Scraped caption text data:

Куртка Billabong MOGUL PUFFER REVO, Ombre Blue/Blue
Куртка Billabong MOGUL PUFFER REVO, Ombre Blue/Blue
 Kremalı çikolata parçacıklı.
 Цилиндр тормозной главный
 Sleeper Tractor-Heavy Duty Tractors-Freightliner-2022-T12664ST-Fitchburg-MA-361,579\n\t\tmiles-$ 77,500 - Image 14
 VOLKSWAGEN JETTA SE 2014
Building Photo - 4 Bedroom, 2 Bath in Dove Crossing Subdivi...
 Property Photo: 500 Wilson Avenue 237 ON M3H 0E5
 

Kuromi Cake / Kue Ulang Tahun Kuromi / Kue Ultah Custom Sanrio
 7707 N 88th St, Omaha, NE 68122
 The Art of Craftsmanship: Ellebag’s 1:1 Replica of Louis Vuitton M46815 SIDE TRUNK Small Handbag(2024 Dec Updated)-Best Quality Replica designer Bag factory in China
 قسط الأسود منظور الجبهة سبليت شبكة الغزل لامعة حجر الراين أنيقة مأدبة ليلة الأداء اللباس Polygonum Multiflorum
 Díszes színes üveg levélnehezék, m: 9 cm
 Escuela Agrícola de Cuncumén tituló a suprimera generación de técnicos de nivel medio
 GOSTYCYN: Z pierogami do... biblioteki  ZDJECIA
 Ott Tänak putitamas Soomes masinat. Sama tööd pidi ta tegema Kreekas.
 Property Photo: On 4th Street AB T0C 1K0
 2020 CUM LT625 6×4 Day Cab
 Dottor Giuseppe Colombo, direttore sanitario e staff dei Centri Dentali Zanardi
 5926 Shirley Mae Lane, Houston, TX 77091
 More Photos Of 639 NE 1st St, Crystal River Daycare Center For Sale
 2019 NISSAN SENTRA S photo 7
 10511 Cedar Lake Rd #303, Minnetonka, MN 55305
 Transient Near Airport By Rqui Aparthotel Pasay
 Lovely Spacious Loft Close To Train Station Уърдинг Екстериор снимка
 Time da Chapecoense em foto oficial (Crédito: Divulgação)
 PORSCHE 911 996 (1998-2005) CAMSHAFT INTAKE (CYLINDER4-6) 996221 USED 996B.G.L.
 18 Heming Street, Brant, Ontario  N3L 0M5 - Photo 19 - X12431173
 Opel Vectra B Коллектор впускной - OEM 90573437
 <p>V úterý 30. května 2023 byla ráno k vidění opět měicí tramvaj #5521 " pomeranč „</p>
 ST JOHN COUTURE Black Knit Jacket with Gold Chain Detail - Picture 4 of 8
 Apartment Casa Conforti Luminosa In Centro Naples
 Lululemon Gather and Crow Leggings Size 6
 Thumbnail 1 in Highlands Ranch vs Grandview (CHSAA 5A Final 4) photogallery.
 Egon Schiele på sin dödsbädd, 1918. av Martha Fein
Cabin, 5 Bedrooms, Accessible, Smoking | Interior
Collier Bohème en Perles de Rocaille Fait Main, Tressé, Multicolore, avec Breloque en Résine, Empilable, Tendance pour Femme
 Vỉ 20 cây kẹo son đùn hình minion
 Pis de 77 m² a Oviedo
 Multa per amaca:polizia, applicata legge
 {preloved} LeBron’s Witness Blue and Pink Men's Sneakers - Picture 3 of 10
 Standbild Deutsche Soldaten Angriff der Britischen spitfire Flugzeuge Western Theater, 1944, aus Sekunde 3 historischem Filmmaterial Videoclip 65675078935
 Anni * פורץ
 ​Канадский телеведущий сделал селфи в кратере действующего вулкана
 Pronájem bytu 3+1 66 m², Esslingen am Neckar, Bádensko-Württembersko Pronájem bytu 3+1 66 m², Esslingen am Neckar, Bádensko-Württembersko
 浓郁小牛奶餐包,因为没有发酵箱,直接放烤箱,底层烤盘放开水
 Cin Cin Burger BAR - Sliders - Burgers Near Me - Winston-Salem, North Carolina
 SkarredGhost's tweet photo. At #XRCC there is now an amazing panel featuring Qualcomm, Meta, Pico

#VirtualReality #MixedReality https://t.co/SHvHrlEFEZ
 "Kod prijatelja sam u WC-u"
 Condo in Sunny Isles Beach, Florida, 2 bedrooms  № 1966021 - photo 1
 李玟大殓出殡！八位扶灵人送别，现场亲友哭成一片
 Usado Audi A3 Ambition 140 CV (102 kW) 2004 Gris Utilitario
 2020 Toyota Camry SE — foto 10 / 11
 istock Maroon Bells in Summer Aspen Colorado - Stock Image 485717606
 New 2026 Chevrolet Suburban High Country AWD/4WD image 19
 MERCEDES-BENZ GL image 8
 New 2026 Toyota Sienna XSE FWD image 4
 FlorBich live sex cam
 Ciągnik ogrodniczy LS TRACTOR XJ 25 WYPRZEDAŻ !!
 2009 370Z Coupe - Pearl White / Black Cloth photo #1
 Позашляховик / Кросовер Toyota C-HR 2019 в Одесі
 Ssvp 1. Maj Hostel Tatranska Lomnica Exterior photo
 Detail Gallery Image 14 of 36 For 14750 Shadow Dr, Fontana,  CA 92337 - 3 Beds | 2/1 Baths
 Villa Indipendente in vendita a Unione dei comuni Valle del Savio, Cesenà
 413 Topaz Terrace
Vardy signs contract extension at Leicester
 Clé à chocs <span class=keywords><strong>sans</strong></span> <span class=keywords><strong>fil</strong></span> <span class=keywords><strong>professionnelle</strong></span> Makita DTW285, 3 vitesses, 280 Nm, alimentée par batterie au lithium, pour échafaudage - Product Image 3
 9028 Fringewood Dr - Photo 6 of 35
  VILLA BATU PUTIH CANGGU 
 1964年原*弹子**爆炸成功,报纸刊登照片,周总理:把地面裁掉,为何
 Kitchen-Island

* Your task *
Your answer must contain every line of the records, exactly.

* Output of the task *
Куртка Billabong MOGUL PUFFER REVO, Ombre Blue/Blue
Куртка Billabong MOGUL PUFFER REVO, Ombre Blue/Blue
 Kremalı çikolata parçacıklı.
 Цилиндр тормозной главный
 Sleeper Tractor-Heavy Duty Tractors-Freightliner-2022-T12664ST-Fitchburg-MA-361,579\n\t\tmiles-$ 77,500 - Image 14
 VOLKSWAGEN JETTA SE 2014
Building Photo - 4 Bedroom, 2 Bath in Dove Crossing Subdivi...
 Property Photo: 500 Wilson Avenue 237 ON M3H 0E5
 

Kuromi Cake / Kue Ulang Tahun Kuromi / Kue Ultah Custom Sanrio
 7707 N 88th St, Omaha, NE 68122
 The Art of Craftsmanship: Ellebag’s 1:1 Replica of Louis Vuitton M46815 SIDE TRUNK Small Handbag(2024 Dec Updated)-Best Quality Replica designer Bag factory in China
 قسط الأسود منظور الجبهة سبليت شبكة الغزل لامعة حجر الراين أنيقة مأدبة ليلة الأداء اللباس Polygonum Multiflorum
 Díszes színes üveg levélnehezék, m: 9 cm
 Escuela Agrícola de Cuncumén tituló a suprimera generación de técnicos de nivel medio
 GOSTYCYN: Z pierogami do... biblioteki  ZDJECIA
 Ott Tänak putitamas Soomes masinat. Sama tööd pidi ta tegema Kreekas.
 Property Photo: On 4th Street AB T0C 1K0
 2020 CUM LT625 6×4 Day Cab
 Dottor Giuseppe Colombo, direttore sanitario e staff dei Centri Dentali Zanardi
 5926 Shirley Mae Lane, Houston, TX 77091
 More Photos Of 639 NE 1st St, Crystal River Daycare Center For Sale
 2019 NISSAN SENTRA S photo 7
 10511 Cedar Lake Rd #303, Minnetonka, MN 55305
 Transient Near Airport By Rqui Aparthotel Pasay
 Lovely Spacious Loft Close To Train Station Уърдинг Екстериор снимка
 Time da Chapecoense em foto oficial (Crédito: Divulgação)
 PORSCHE 911 996 (1998-2005) CAMSHAFT INTAKE (CYLINDER4-6) 996221 USED 996B.G.L.
 18 Heming Street, Brant, Ontario  N3L 0M5 - Photo 19 - X12431173
 Opel Vectra B Коллектор впускной - OEM 90573437
 <p>V úterý 30. května 2023 byla ráno k vidění opět měicí tramvaj #5521 " pomeranč „</p>
 ST JOHN COUTURE Black Knit Jacket with Gold Chain Detail - Picture 4 of 8
 Apartment Casa Conforti Luminosa In Centro Naples
 Lululemon Gather and Crow Leggings Size 6
 Thumbnail 1 in Highlands Ranch vs Grandview (CHSAA 5A Final 4) photogallery.
 Egon Schiele på sin dödsbädd, 1918. av Martha Fein
Cabin, 5 Bedrooms, Accessible, Smoking | Interior
Collier Bohème en Perles de Rocaille Fait Main, Tressé, Multicolore, avec Breloque en Résine, Empilable, Tendance pour Femme
 Vỉ 20 cây kẹo son đùn hình minion
 Pis de 77 m² a Oviedo
 Multa per amaca:polizia, applicata legge
 {preloved} LeBron’s Witness Blue and Pink Men's Sneakers - Picture 3 of 10
 Standbild Deutsche Soldaten Angriff der Britischen spitfire Flugzeuge Western Theater, 1944, aus Sekunde 3 historischem Filmmaterial Videoclip 65675078935
 Anni * פורץ
 ​Канадский телеведущий сделал селфи в кратере действующего вулкана
 Pronájem bytu 3+1 66 m², Esslingen am Neckar, Bádensko-Württembersko Pronájem bytu 3+1 66 m², Esslingen am Neckar, Bádensko-Württembersko
 浓郁小牛奶餐包,因为没有发酵箱,直接放烤箱,底层烤盘放开水
 Cin Cin Burger BAR - Sliders - Burgers Near Me - Winston-Salem, North Carolina
 SkarredGhost's tweet photo. At #XRCC there is now an amazing panel featuring Qualcomm, Meta, Pico

#VirtualReality #MixedReality https://t.co/SHvHrlEFEZ
 "Kod prijatelja sam u WC-u"
 Condo in Sunny Isles Beach, Florida, 2 bedrooms  № 1966021 - photo 1
 李玟大殓出殡！八位扶灵人送别，现场亲友哭成一片
 Usado Audi A3 Ambition 140 CV (102 kW) 2004 Gris Utilitario
 2020 Toyota Camry SE — foto 10 / 11
 istock Maroon Bells in Summer Aspen Colorado - Stock Image 485717606
 New 2026 Chevrolet Suburban High Country AWD/4WD image 19
 MERCEDES-BENZ GL image 8
 New 2026 Toyota Sienna XSE FWD image 4
 FlorBich live sex cam
 Ciągnik ogrodniczy LS TRACTOR XJ 25 WYPRZEDAŻ !!
 2009 370Z Coupe - Pearl White / Black Cloth photo #1
 Позашляховик / Кросовер Toyota C-HR 2019 в Одесі
 Ssvp 1. Maj Hostel Tatranska Lomnica Exterior photo
 Detail Gallery Image 14 of 36 For 14750 Shadow Dr, Fontana,  CA 92337 - 3 Beds | 2/1 Baths
 Villa Indipendente in vendita a Unione dei comuni Valle del Savio, Cesenà
 413 Topaz Terrace
Vardy signs contract extension at Leicester
 Clé à chocs <span class=keywords><strong>sans</strong></span> <span class=keywords><strong>fil</strong></span> <span class=keywords><strong>professionnelle</strong></span> Makita DTW285, 3 vitesses, 280 Nm, alimentée par batterie au lithium, pour échafaudage - Product Image 3
 9028 Fringewood Dr - Photo 6 of 35
  VILLA BATU PUTIH CANGGU 
 1964年原*弹子**爆炸成功,报纸刊登照片,周总理:把地面裁掉,为何
 Kitchen-Island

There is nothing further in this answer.